I think it's important to emphasize one of the dangers of wealth concentration: irresponsibility about the wider economic consequences of their actions by those at the top. (Interpolation: The real issue is that they do not bear the consequences of their actions. When Wall Street was made up of partnerships where the partners put up their personal wealth to make deals and investments, things were very much different.) Wall Street created the investment products that produced gross economic imbalances and the 2008 credit crisis. It wasn't the hard-working 99.5%. Average people could only destroy themselves financially, not the economic system. There's plenty of blame to go around, but the collapse was primarily due to the failure of complex mortgage derivatives, CDS credit swaps, cheap Fed money, lax regulation, compromised ratings agencies, government involvement in the mortgage market, the end of the Glass-Steagall Act in 1999, and insufficient bank capital. Only Wall Street could put the economy at risk and it had an excellent reason to do so: profit. It made huge profits in the build-up to the credit crisis and huge profits when it sold itself as "too big to fail" and received massive government and Federal Reserve bailouts. Most of the serious economic damage the U.S. is struggling with today was done by the top 0.1% and they benefited greatly from it.

Not surprisingly, Wall Street and the top of corporate America are doing extremely well as of June 2011. For example, in Q1 of 2011, America's top corporations reported 31% profit growth and a 31% reduction in taxes, the latter due to profit outsourcing to low tax rate countries. Somewhere around 40% of the profits in the S&P 500 come from overseas and stay overseas, with about half of these 500 top corporations having their headquarters in tax havens. If the corporations don't repatriate their profits, they pay no U.S. taxes. The year 2010 was a record year for compensation on Wall Street, while corporate CEO compensation rose by over 30%, most Americans struggled. In 2010 a dozen major companies, including GE, Verizon, Boeing, Wells Fargo, and Fed Ex paid US tax rates between -0.7% and -9.2%. Production, employment, profits, and taxes have all been outsourced. Major U.S. corporations are currently lobbying to have another "tax-repatriation" window like that in 2004 where they can bring back corporate profits at a 5.25% tax rate versus the usual 35% US corporate tax rate. Ordinary working citizens with the lowest incomes are taxed at 10%.

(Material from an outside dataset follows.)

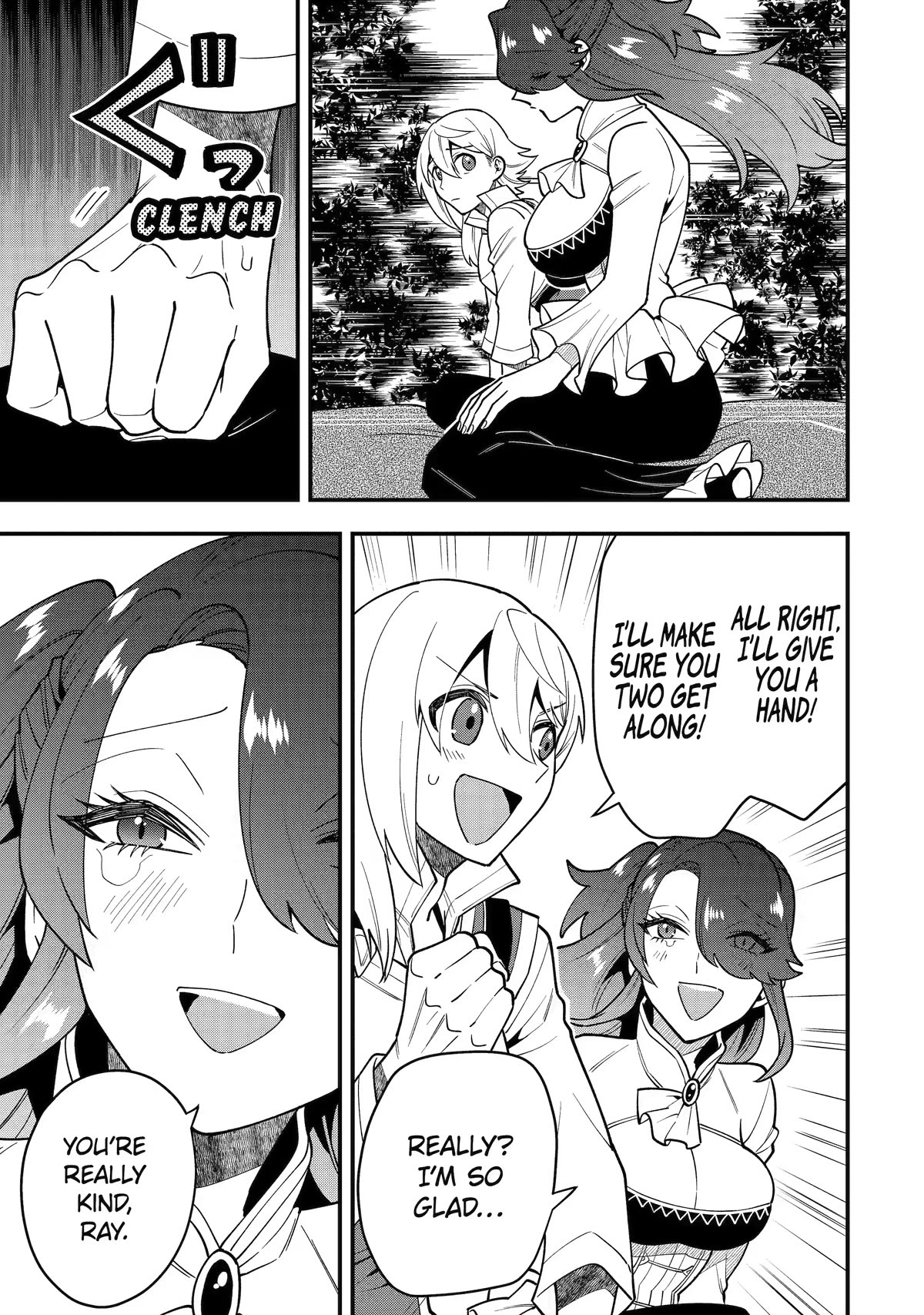 Kouryakuhon o Kushi Suru Saikyou no Mahoutsukai ~< meirei sa sero > to wa Iwa Senai Oreryuu Mao Tobatsu Saizen Ruuto ~ Chapter 48 page 11 - Chapter 48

I could go on and on, but the bottom line is this: A highly complex set of laws and exemptions from laws and taxes has been put in place by those in the uppermost reaches of the U.S. financial system. It allows them to protect and increase their wealth and significantly affect the U.S. political and legislative processes. They have real power and real wealth. Ordinary citizens in the bottom 99.9% are largely not aware of these systems, do not understand how they work, are unlikely to participate in them, and have little likelihood of entering the top 0.5%, much less the top 0.1%. Moreover, those at the very top have no incentive whatsoever for revealing or changing the rules. I am not optimistic.

Addendum, January 2012

A few blogs and emails have disagreed with the views presented in this article. I'll address two of them here:

1.
A New York Times article (Economix, 1/17/12) agrees that the threshold for being in the top 1 per cent in household income is about $380k but states that, based on Fed data, the 1% threshold for net worth is $8.4M. The figure I use is around $1.5M and comes from the IRS. The Fed uses a simple formula based on assets and liabilities at a broad level of analysis with little detail. Using Fed data, about 8% of US households have a net worth exceeding $1M and the median net worth of the top 10% of US families is $1.569M. The IRS uses the estate multiplier technique to calculate the data, a more complex measure based on tax returns, capitalization of earnings power, and other factors. The estate multiplier technique has been around for decades, is more widely used, and in the opinion of many, is the more accurate number. Where the true threshold is located is impossible to determine with accuracy, but my observations in managing money support the lower number or something close to it.

2.
One reader opined that my analysis regarding the bottom half and top half of the top 1% is incorrect and that many business people can amass $20M. Based on my experience with at least a thousand high net worth folks over the last couple of decades, I disagree. The folks in the top 0.5% and particularly the top 0.1% are in my experience very likely to have been the recipients of largesse in the investment industry or banking industry, and this includes those at the top of corporations where compensation is tied to options and stock or those who have careers near the top of the banking and investment industry. There are exceptions, of course.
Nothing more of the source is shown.